New Delhi, May 13 (IANS): An Anglo-Indian body on Friday filed a PIL in the Delhi High Court seeking directions to restore the community's representation in Parliament and the State Assemblies by nomination.
In the writ petition, the Federation of Anglo-Indian Associations in India through KMNP Law, challenged the 104th amendment to the Constitution which has taken away the nominated representation of the members of the Anglo-Indian community.
The representation was removed arbitrarily in derogation of the principles of equality as well as the rights enumerated in Article 21, 29, 38, 39A, and the underlying principles in the Preamble of the Constitution of India, the plea argued.
After hearing the matter, a division bench comprising Acting Chief Justice Vipin Sanghi and Justice Navin Chawla asked the Centre to file relevant documents and parliamentary committee debates on the issue within six weeks.
The matter will be further heard on November 18.
Adv Kuriakose Varghese, appeared for the petitioner.
Describing the history of the Anglo-Indian community, the plea said the ostracism encountered from the mainstream, the mixed European-Indian parentage, and their spatial distribution across the length and breadth of the country in small pockets, potentially prevented the coalescing of votes; during elections.
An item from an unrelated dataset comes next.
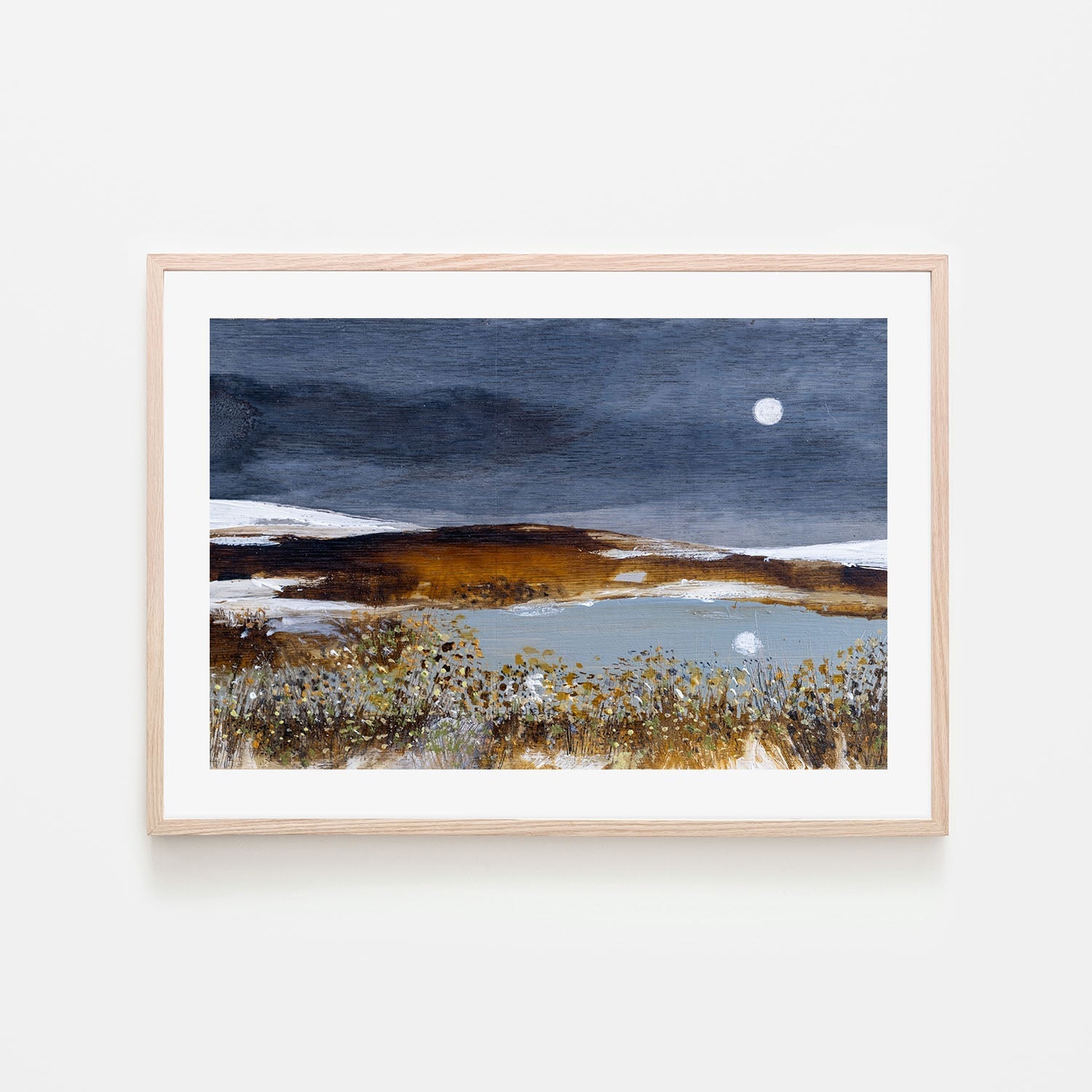 wall-art-print-canvas-poster-framed-A Winters Reflection , By Louise O'Hara-6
Thus, adequate representation was the raison d' etre for the constitutional safeguard enshrined in Constitution. The arbitrary consequence of the Impugned Amendment Act would be the permanent removal of the entire community from effective representational democracy, for the very first time since the formation of the Indian Republic in 1950.
Pertinently, the aforesaid constitutional safeguard prevented their elimination from the political mainstream and also allowed the Anglo-Indian community a voice in the Parliament and the Assemblies, it read.
Unfortunately, it further said, the Impugned Amendment Act unfairly tears asunder this constitutional provision, enshrined in Article 334 (b) of the Constitution of India and has arbitrarily relegated only the Anglo-Indian community to the political doldrums - without any representation in the Parliament or the Assemblies.
Inexplicably, the Constitutional Amendment on the one hand continues with the reservation to the SC and ST communities, but unjustly denies an equal benefit of representation to the similarly situated Anglo-Indian community. The equality clause and the equal protection of the laws have been unreasonably denied to the Anglo-Indian community; apart from the glaring fact that there was no proper study (in any manner whatsoever) that was conducted to identify the backwardness of the Anglo-Indian community, the plea read.